Directions for this task:
No pictures go in the copy. Restate, word for word, each line from the one containing "Bow-Detail Lace-Up Corset" through the last line below.

Information supplied:

---------------

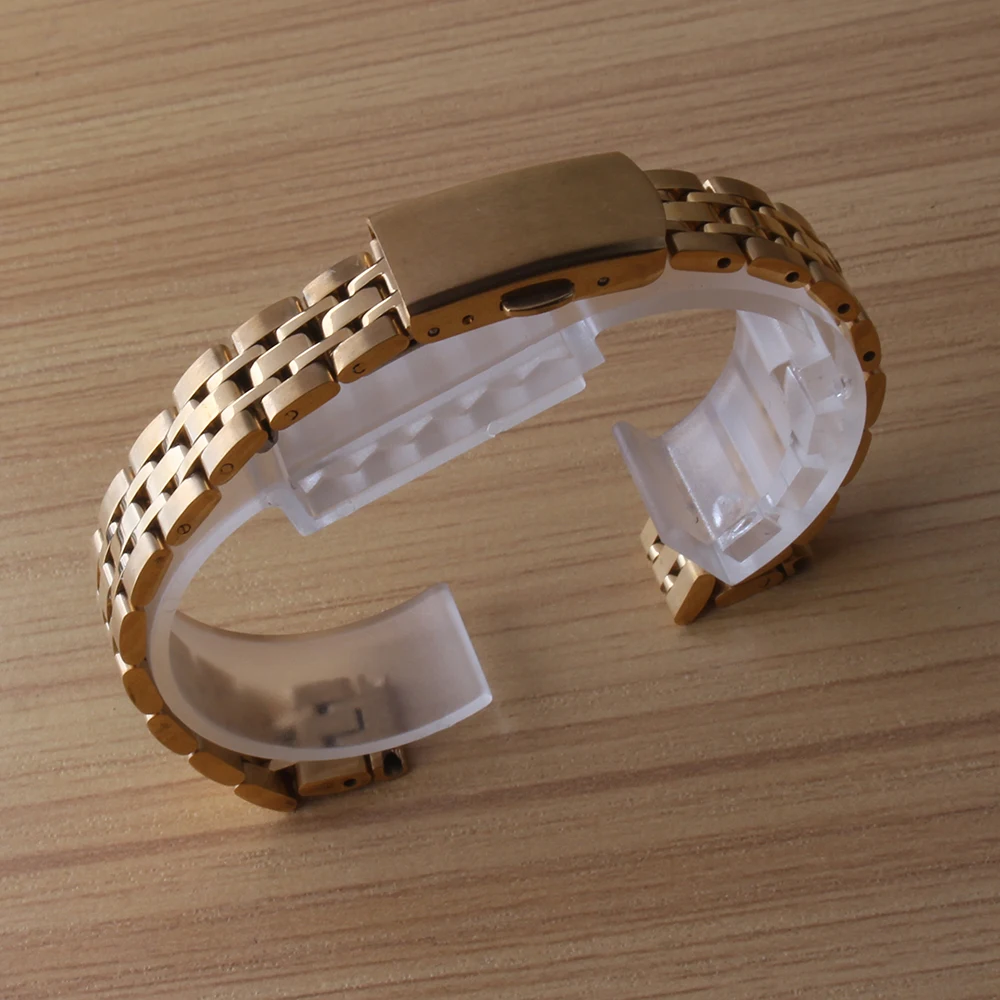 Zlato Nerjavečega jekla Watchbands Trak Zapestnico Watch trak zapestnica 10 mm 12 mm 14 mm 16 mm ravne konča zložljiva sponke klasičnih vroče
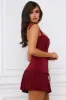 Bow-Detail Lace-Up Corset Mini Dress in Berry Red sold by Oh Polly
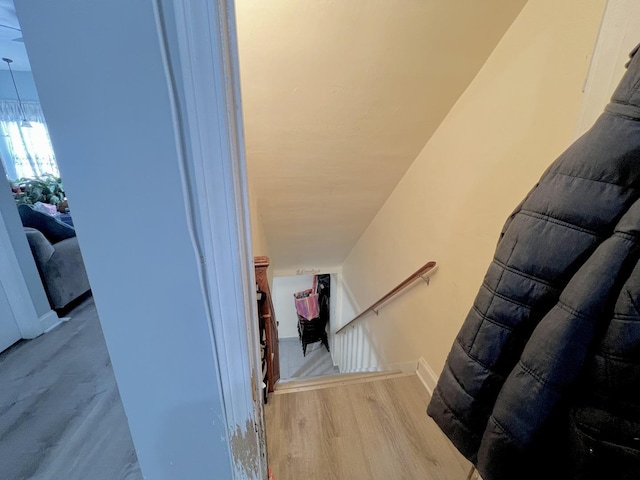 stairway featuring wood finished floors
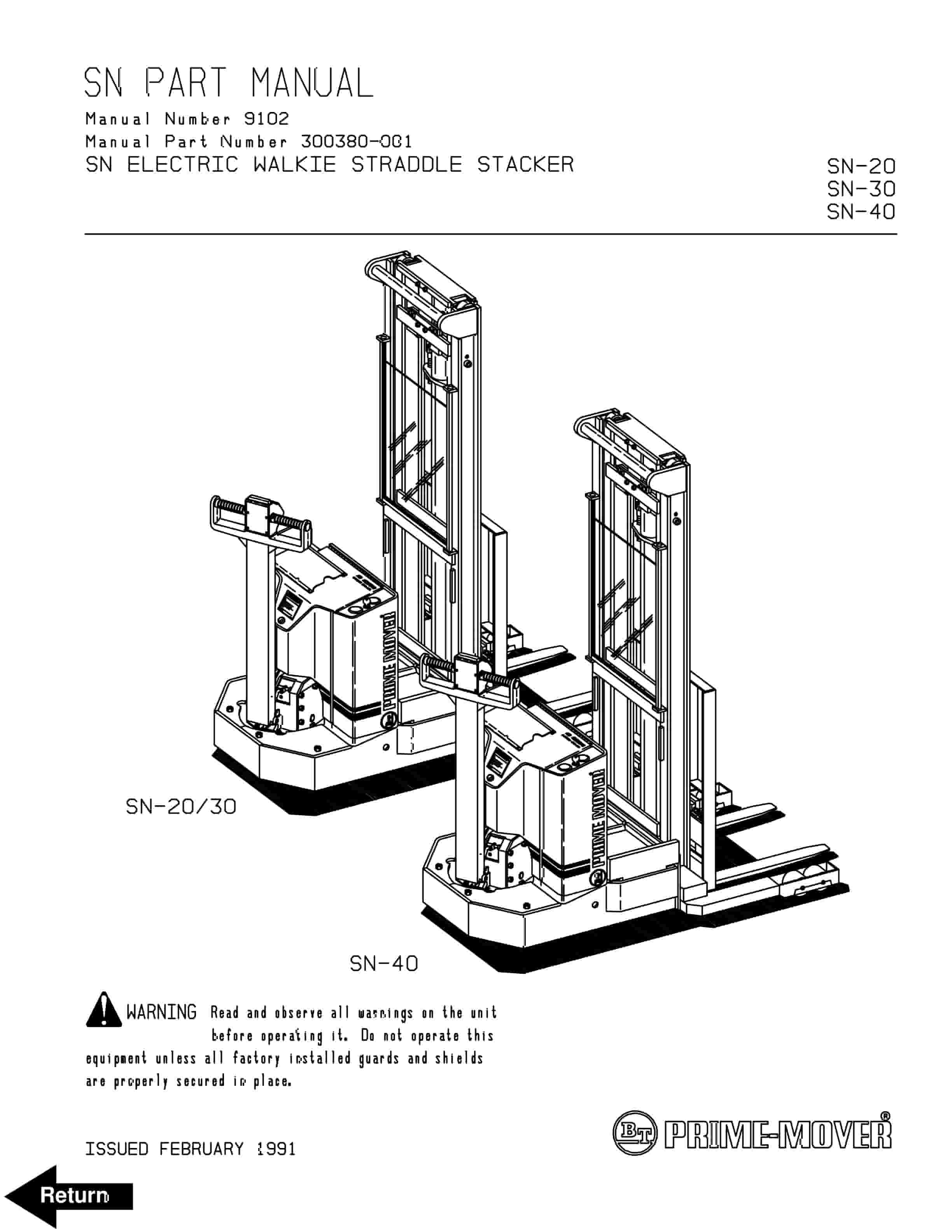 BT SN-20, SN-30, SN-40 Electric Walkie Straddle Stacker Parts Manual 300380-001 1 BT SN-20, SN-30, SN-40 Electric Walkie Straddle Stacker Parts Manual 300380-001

---------------

Written solution:
 Bow-Detail Lace-Up Corset Mini Dress in Berry Red sold by Oh Polly
 stairway featuring wood finished floors
 BT SN-20, SN-30, SN-40 Electric Walkie Straddle Stacker Parts Manual 300380-001 1 BT SN-20, SN-30, SN-40 Electric Walkie Straddle Stacker Parts Manual 300380-001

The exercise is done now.